::: Records shown

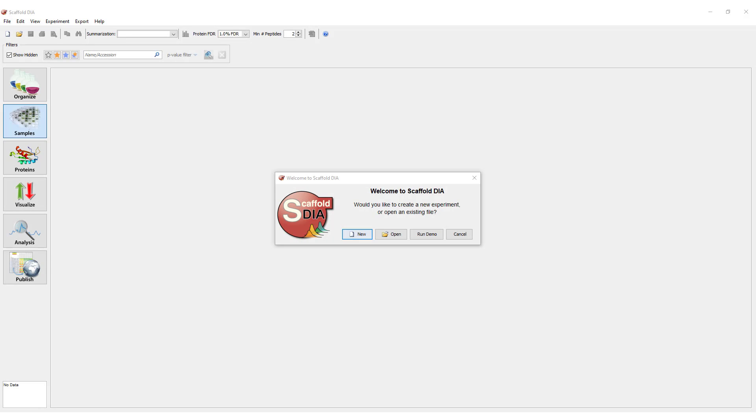This tutorial assumes you have already installed and activated Scaffold DIA on your computer. If you have not, please do so.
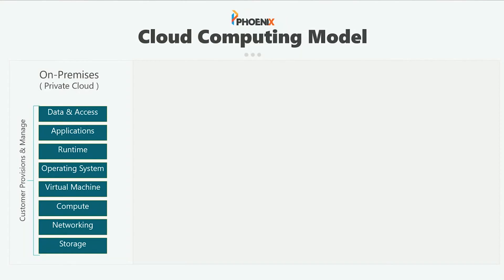So you have your on-premise environment. That hasn't changed. That's your data center. That's your physical kit that you buy. So your servers, your storage, your networking, all the cables, the air conditioning units, all of that in that building. That's what it covers.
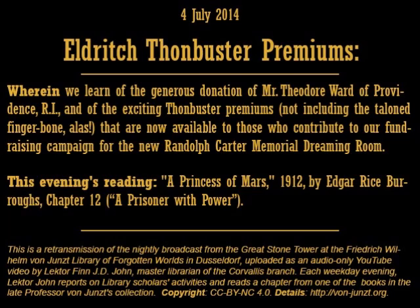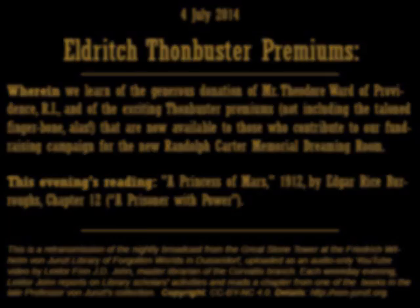We at the von Juntz Library of Forgotten Worlds are about to launch a historic fundraising campaign to finance the addition of our Randolph Carter Memorial Dreaming Room. We have already received a sizable donation toward this project from an anonymous donor who identifies himself only as Mr. Theodore Ward of Providence, Rhode Island, in exchange for which we have agreed to rename the library's reading room after Mr. Ward's son. However, Mr. Ward's pledge is a matching grant.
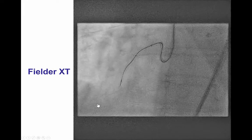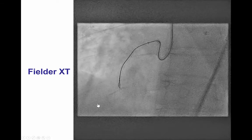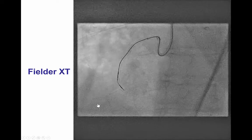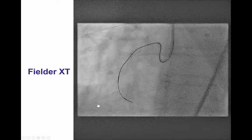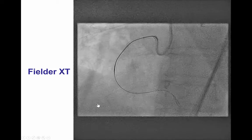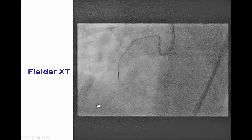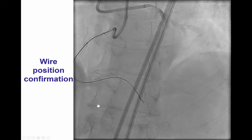After doing that, we were able to advance a microcatheter to the proximal cap and then advanced a knuckled, fluoroscopy-guided wire all the way distally.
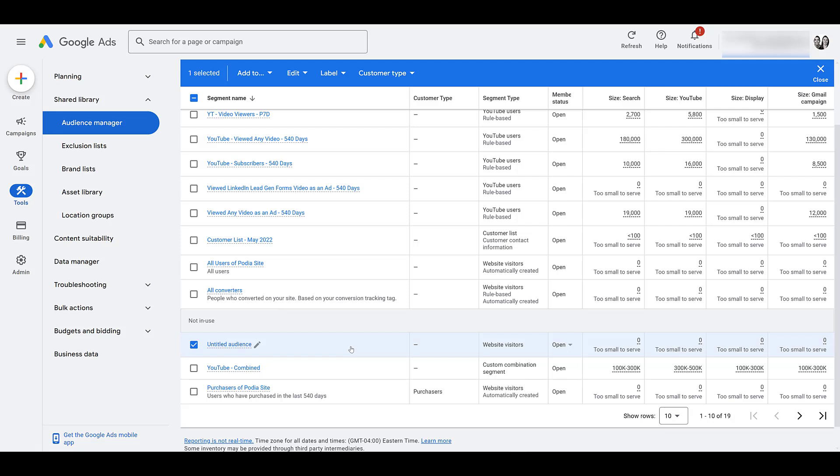The audience size from a Google Analytics audience applies the same as any other ones on each of the networks. Display still only needs about a hundred users. Search is a thousand users. And YouTube now is a thousand users, unless it's a customer match list. So that is how you can link your GA4 properties to Google Ads and head into audience manager and start building more intent focused audiences.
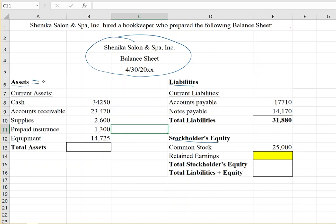Assets are what the company owns. This company has thirty-four thousand two hundred and fifty dollars in cash, accounts receivable of twenty-three thousand four hundred and seventy dollars — that's when customers owe them money after being sent a bill. They also have supplies of twenty-six hundred dollars and prepaid insurance of thirteen hundred dollars, which is insurance paid in advance where the company gets the benefit over time and could get the money back if cancelled — which is why it's an asset.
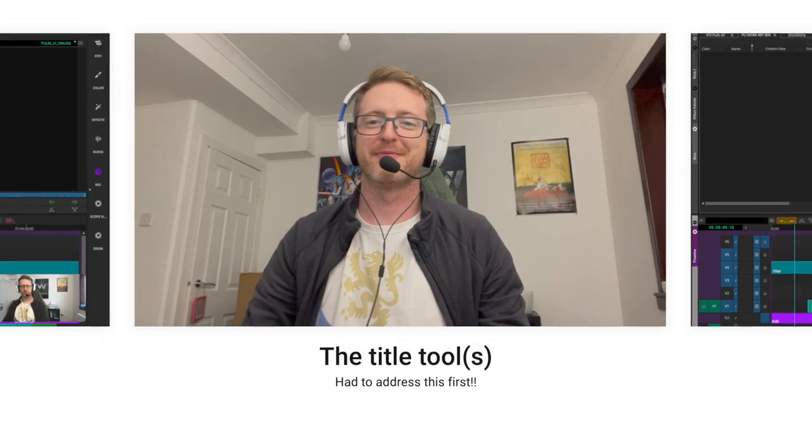I hope you enjoy it, I hope there's something useful there for you and if there is then please do give us a like, subscribe and hit the notification bell at the end. Cheers, thanks!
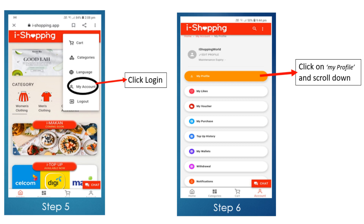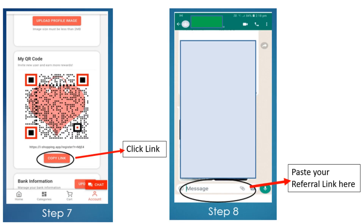Step 5: Click on My Account. Step 6: Click on My Profile and scroll down. Step 7: Copy the link.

::::::

• [Work order]:
Could you retype all the entries above exactly, without the pictures?

• [Response box]:
This tutorial assumes you have already installed and activated Scaffold DIA on your computer. If you have not, please do so.
So you have your on-premise environment. That hasn't changed. That's your data center. That's your physical kit that you buy. So your servers, your storage, your networking, all the cables, the air conditioning units, all of that in that building. That's what it covers.
We at the von Juntz Library of Forgotten Worlds are about to launch a historic fundraising campaign to finance the addition of our Randolph Carter Memorial Dreaming Room. We have already received a sizable donation toward this project from an anonymous donor who identifies himself only as Mr. Theodore Ward of Providence, Rhode Island, in exchange for which we have agreed to rename the library's reading room after Mr. Ward's son. However, Mr. Ward's pledge is a matching grant.
After doing that, we were able to advance a microcatheter to the proximal cap and then advanced a knuckled, fluoroscopy-guided wire all the way distally.
The audience size from a Google Analytics audience applies the same as any other ones on each of the networks. Display still only needs about a hundred users. Search is a thousand users. And YouTube now is a thousand users, unless it's a customer match list. So that is how you can link your GA4 properties to Google Ads and head into audience manager and start building more intent focused audiences.
Assets are what the company owns. This company has thirty-four thousand two hundred and fifty dollars in cash, accounts receivable of twenty-three thousand four hundred and seventy dollars — that's when customers owe them money after being sent a bill. They also have supplies of twenty-six hundred dollars and prepaid insurance of thirteen hundred dollars, which is insurance paid in advance where the company gets the benefit over time and could get the money back if cancelled — which is why it's an asset.
I hope you enjoy it, I hope there's something useful there for you and if there is then please do give us a like, subscribe and hit the notification bell at the end. Cheers, thanks!
Step 5: Click on My Account. Step 6: Click on My Profile and scroll down. Step 7: Copy the link.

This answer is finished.